Sadly I have to pay the insurance on my V plate Fiesta daily driver though  ......still it keeps my NCB going


----------



## Lloyd71

Woah, Swiftcover are cheaper than last year's quote! Woop!


----------



## nortonski

No accidents for me, my Cooper S Camden was £380 last year, this year Direct Line wanted £580!

I moved to Sheilas Wheels...lol £444, could've gone with Bell (Admiral) but they were gonna charge £30 for a strut brace & £40 for an air filter...Sheila did it for £444 all in including business... Bargain!

Similar story with the wife & the Land Cruiser, 2 accidents (people hit her...can't blame em...lol) & it went from £480 - £750!!

Again, rescued by Sheilas Wheels, don't remember the exact price but circa £520

I would've been happy to stay with DL but not at that price!


----------



## SurGie

My £200 increase is from Direct line also, so im going to try Sheilas wheels for sure.


----------



## DiscoDriver

In the past I've found Direct Line to usually offer a reasonable price in the first year and then at renewal time to pull a massive increase out of their hat.

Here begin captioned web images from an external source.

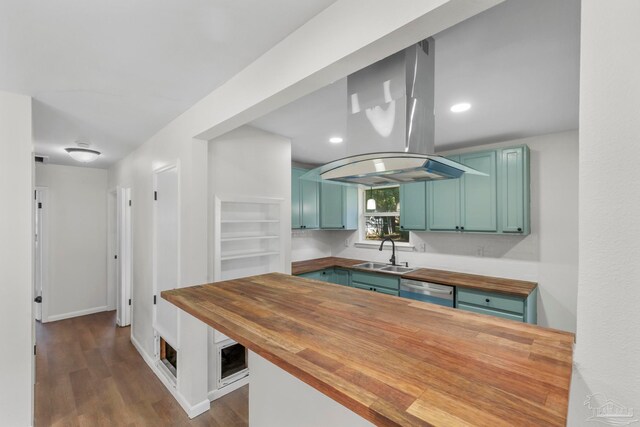 kitchen featuring dark hardwood / wood-style flooring, sink, butcher block counters, and island exhaust hood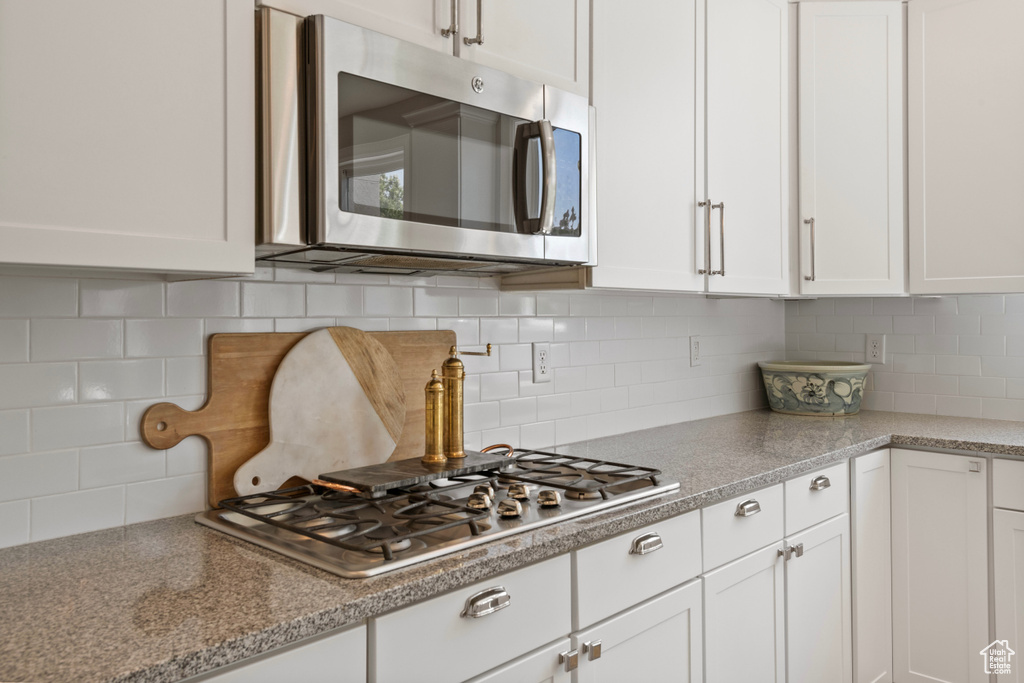 Kitchen featuring tasteful backsplash, stainless steel appliances, and white cabinets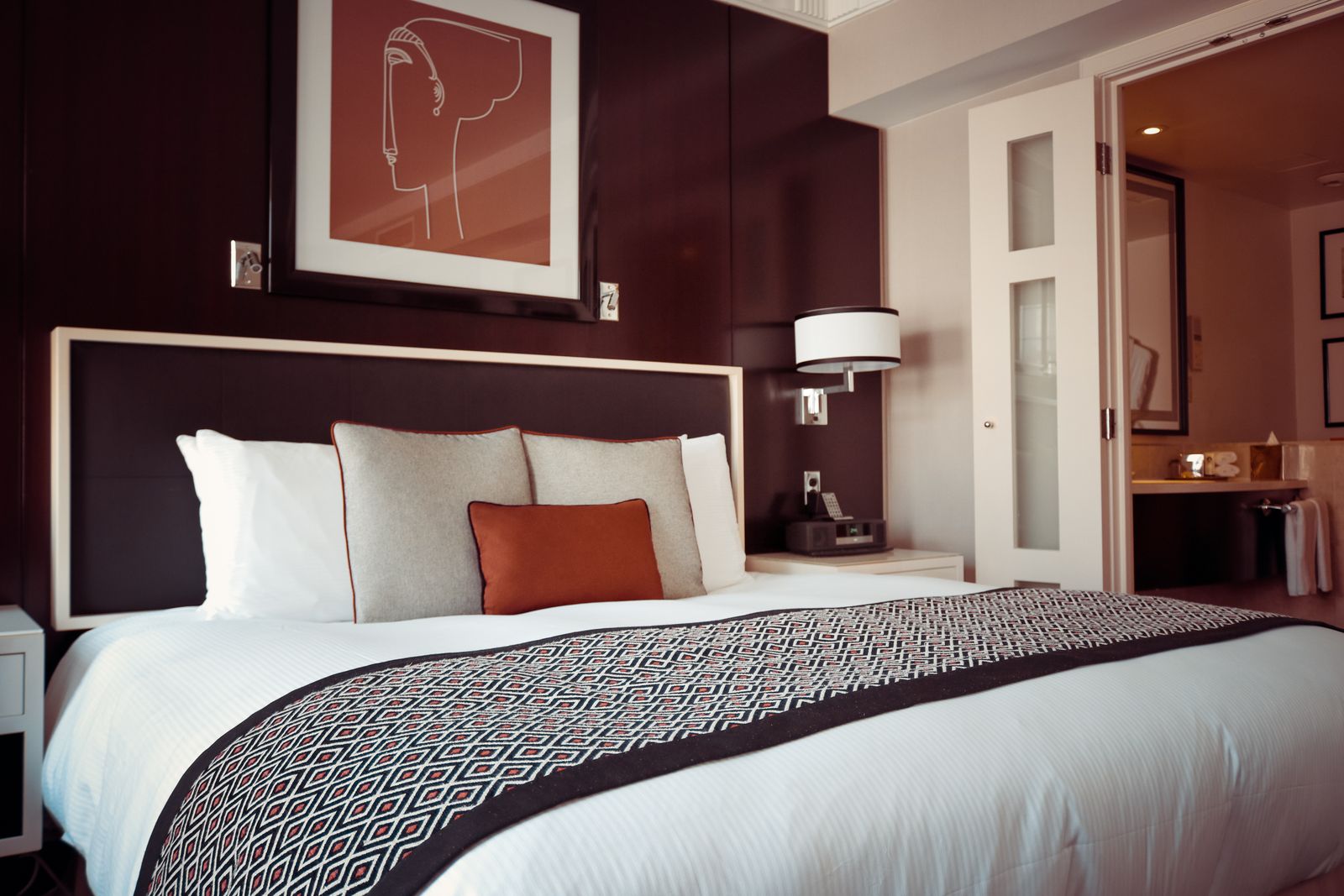 Bedroom with an upholstered bed, wood nightstand, and linen bedding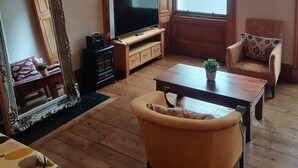 A living room with a large mirror, a television, a wooden coffee table, a sofa, and a chair. - Very central, next to the Castle with garden (Edinburgh)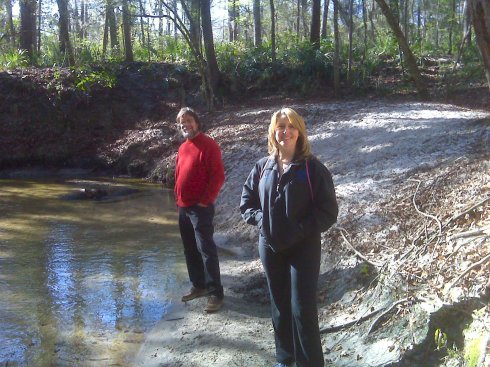 Cilla and Greg on the bank of Hogtown Creek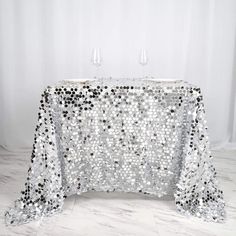 a table covered in silver sequins with two wine glasses on top of it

I presume they rely on inertia with people not bothering to seek quotes elsewhere. In the internet age it seems like a very short-sighted practice (but maybe it does work with many drivers?!)


----------



## SurGie

I agree with you there, i bet most of the older policyholders dont bother i know my mum dont bother searching around. I do like there criminal damage cover and they cover you if you get hit by an uninsured driver without losing your no claims discounts, but i bet they have certain rules with regards to that like having them caught by the police or something.


----------



## Shiny

The actual % of claims for criminal damage or involving uninsured drivers are minimal in the grand scheme of things. Great marketing from Direct Line, as they know that the benefit will only be used by an absolute minimum of their policyholders.

We've had quite a few calls from people recently looking for quotes as their insurance bought from aggregator (comparison) sites as gone up massively, Direct Line seems have been the one with the biggest increases.

I don't really think we will ever see a migration back to the high street Broker for car insurance though, although we are seeing an increasing number complaining about service, claims and the admin costs for changes once you've signed up for the year. There will always be problems when a member of the public with little or no insurance knowledges quotes their own policy and then comes unstuck when it gets underwritten at the point of a claim, rather than at the point they take the policy up when the policy is arranged by an experienced professional.


----------



## robj20

Im happy this year, my last car was £1600 to insure now im paying £240 fully comp on my new car, all thanks to a classic policy.


----------



## jamest

I paid £100 less.

I tried quotes for a second car with 0 no claims and all were coming out at £1500 through the price comparison sites, but then went direct through Admiral to get a quote of £452.

Don't trust the comparison sites. It doesn't take long to fill in a few forms on other sites.


----------



## Matt.

amiller said:


> Mine stayed the same going from a Golf TDI to an Audi S3. I'm 22. (£800 fully comp)


£800 fully comp on a S3 at 22. Thats pretty impresive :doublesho


----------



## Mike_182

mattastra said:


> £800 fully comp on a S3 at 22. Thats pretty impresive :doublesho


Depends, at 23 I was insuring a Clio V6 for less and at 24 I'm insuring a 400+bhp biturbo S4 for £1600ish...


----------